Deploy an Inference Pipeline

An inference pipeline is an Amazon SageMaker model that is composed of a linear sequence of two to five containers that process requests for inferences on data. You use an inference pipeline to define and deploy any combination of pretrained Amazon SageMaker built-in algorithms and your own custom algorithms packaged in Docker containers. You can use an inference pipeline to combine preprocessing, predictions, and post-processing data science tasks. Inference pipelines are fully managed.

You can add Amazon SageMaker Spark ML Serving and scikit-learn containers that reuse the data transformers developed for training models. The entire assembled inference pipeline can be considered as an Amazon SageMaker model that you can use to make either real-time predictions or to process batch transforms directly without any external preprocessing.

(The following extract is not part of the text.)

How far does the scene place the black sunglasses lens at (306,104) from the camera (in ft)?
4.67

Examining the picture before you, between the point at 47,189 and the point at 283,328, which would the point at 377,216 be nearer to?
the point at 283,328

Within an inference pipeline model, Amazon SageMaker handles invocations as a sequence of HTTP requests. The first container in the pipeline handles the initial request, then the intermediate response is sent as a request to the second container, and so on, for each container in the pipeline. Amazon SageMaker returns the final response to the client.

When you deploy the pipeline model, Amazon SageMaker installs and runs all of the containers on each Amazon Elastic Compute Cloud (Amazon EC2) instance in the endpoint or transform job. Feature processing and inferences run with low latency because the containers are co-located on the same EC2 instances. You define the containers for a pipeline model using the CreateModel operation or from the console. Instead of setting one PrimaryContainer, you use the Containers parameter. to set the containers that make up the pipeline You also specify the order in which the containers are executed.

A pipeline model is immutable, but you can update an inference pipeline by deploying a new one using the UpdateEndpoint operation. This modularity supports greater flexibility during experimentation.

There are no additional costs for using this feature. You pay only for the instances running on an endpoint.

Topics + Sample Notebooks for Inference Pipelines + Feature Processing with Spark ML and Scikit-learn + Create a Pipeline Model + Run Real-time Predictions with an Inference Pipeline + Run Batch Transforms with Inference Pipelines + Inference Pipeline Logs and Metrics + Troubleshoot Inference Pipelines

For a sample notebook that uploads and processes a dataset, trains a model, and builds a pipeline model, see the Inference Pipelines with Spark ML and XGBoost on Abalone notebook. This notebook shows how you can build your machine learning pipeline by using Spark feature Transformers and the Amazon SageMaker XGBoost algorithm. After training the model, the sample shows how to deploy the pipeline (feature Transformer and XGBoost) for real-time predictions and also performs a batch transform job using the same pipeline.

For more examples that show how to create and deploy inference pipelines, see the Inference Pipelines with SparkML and BlazingText on DBPedia and Training using SparkML on EMR and hosting on SageMaker sample notebooks. For instructions on creating and accessing Jupyter notebook instances that you can use to run the example in Amazon SageMaker, see Use Notebook Instances.

To see a list of all the Amazon SageMaker samples, after creating and opening a notebook instance, choose the SageMaker Examples tab. There are three inference pipeline notebooks. The first two inference pipeline notebooks just described are located in the advanced_functionality folder and the third notebook is in the sagemaker-python-sdk folder. To open a notebook, choose its Use tab, then choose Create copy.